Jay Bailey comments on TurnTrout’s shortform feed

Jay Bailey 9 Oct 2022 11:18 UTC
2 points
Why is this difficult? Is it only difficult to do this in Challenge Mode—if you could just code in “Number of chickens” as a direct feed to the agent, can it be done then? I was thinking about this today, and got to wondering why it was hard—at what step does an experiment to do this fail?
- TurnTrout 10 Oct 2022 22:16 UTC
  2 points
  Parent
  Even if you can code in number of chickens as an input to the reward function, that doesn’t mean you can reliably get the agent to generalize to protect chickens. That input probably makes the task easier than in Challenge Mode, but not necessarily easy. The agent could generalize to some other correlate. Like ensuring there are no skeletons nearby (because they might shoot nearby chickens), but not in order to protect the chickens.

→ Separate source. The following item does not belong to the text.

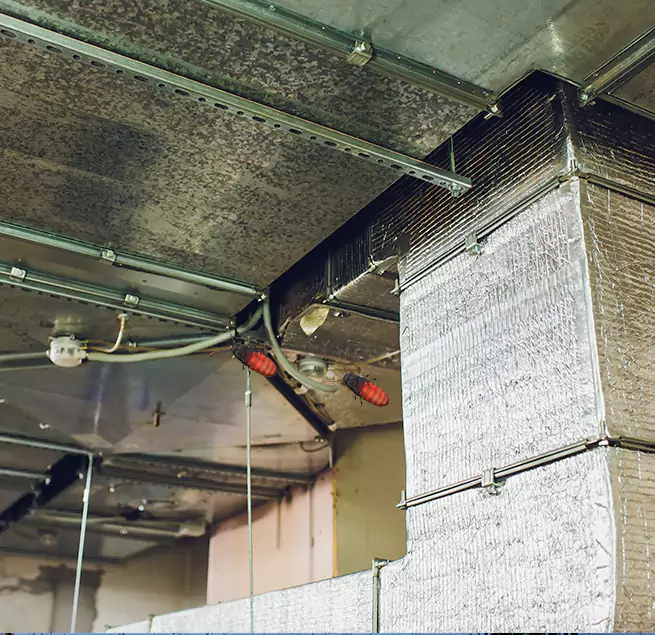 Why Homeowners & Businesses Trust Us Pelham, AL?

  - Jay Bailey 10 Oct 2022 23:50 UTC
    1 point
    Parent
    So, if I understand correctly, the way we would consider it likely that the correct generalisation had happened would be if the agent could generalise to hazards it had never seen actually kill chickens before? And this would require the agent to have an actual model of how chickens can be threatened such that it could predict that lava would destroy chickens based on, say, it’s knowledge that it will die if it jumps into lava, which is beyond capabilities at the moment?
    - TurnTrout 17 Oct 2022 18:56 UTC
      2 points
      Parent
      Yes, that would be the desired generalization in the situations we checked. If that happens, we had specified a behavioral generalization property and then wrote down how we were going to get it, and then had just been right in predicting that that training rationale would go through.